I groaned, sitting up. The entire pack watched me with curiosity and my dad backed up a few inches.
“I’m fine,” I said, but I felt so hot I wanted to take all of my clothes off and jump into the lake. Sweat was rolling down my face and my breathing was labored as I tried to orient myself again. My first vision. Wow. It kinda sucked. I wasn’t sure I liked this gig.
“She’s burning up,” Jax told my mom, who put her hand on my forehead and recoiled.
“This isn’t normal,” my mother told me.
Great. That makes me feel better.
My dad looked alarmed. He turned to address the pack. “Alright everyone, head to my house and start up the grills. I will meet you there in a bit.”
Max and Avery hung back as everyone departed.
I looked into Aunt Emma’s eyes. “I’m sorry I ruined Uncle Devon’s remembrance.”
She smiled. “You didn’t ruin it, sweetheart. You made it interesting. Devon loved interesting.” She winked at me and walked away with Tara and Chelsea.
Shit. This was getting crazy. I never thought these visions would be so debilitating. What if I got one when I was driving or in the middle of a sparring session or something?
My dad reached down and helped me up. “What happened?” he commanded.
I chewed my lip and recounted the vision to him but left out the part that the guy was shirtless and insanely sexy.
At this point, I was pretty much hoping he was my mate because … God damn.
“Help me,” my mom said, replaying the dream guy’s words to me.
“No location? No name? I always got that in my visions,” my mom offered.
I glared at her and shot back, “Guess I’m not as talented as you.” My whole life I had to endure people telling me stories of how amazing my mother was and how she matched them up with their mate and it was so great. I know she didn’t mean to, but it made me feel pressured at being as good of a Matefinder as she was.
She rolled her eyes, dismissing my attitude. “That’s not what I meant. Come on, let’s go see the witches. I don’t want to wait one more second. We need to figure this out.”
My dad and Max simultaneously bristled. “Why do we have to involve them? This is a wolf matter. The Matefinder is for werewolves only,” my father stated and Max nodded his head in agreement.
Dad didn’t exactly like witches. He hated the fact that we all smelled like them and sort of chose to ignore that we were half witch. Uncle Max didn’t care for witches either, but the majority of his hate was reserved for vampires, even the nice ones, which is about all that was left after the race war. My mother simply growled, glaring at Max and my dad.
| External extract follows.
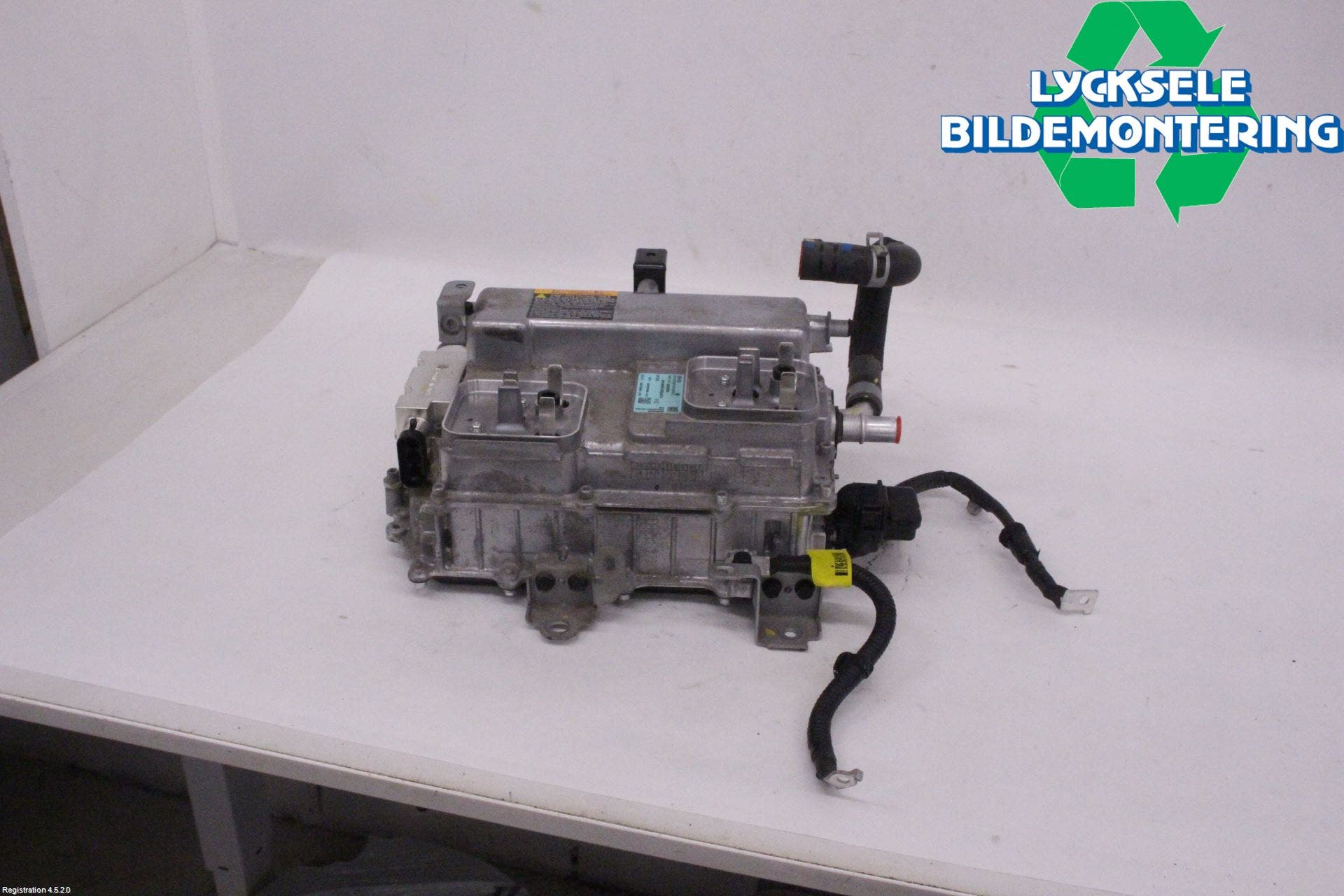 Kia NIRO (DE) 17-22 Hybridconverter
“Good idea,” Jax said, standing up and getting a snarl from my dad for agreeing with Mom. I snickered. “But one thing first.” Jax ran off into Emma’s house and came out with a handful of lemon squares.
Men. The real way to their heart was through their stomach.
Mom, Jax, and I pulled up to the coven’s house, which was only a short twenty minute drive from the mountain. Once we were sure no one had followed us, we exited the car. I loved the coven house. It was an amazing grand blue and white Victorian with the biggest wrap-around porch you ever saw. So many protective spells surrounded it; the second you crossed the entrance, you felt a blanket of safety saturate your being.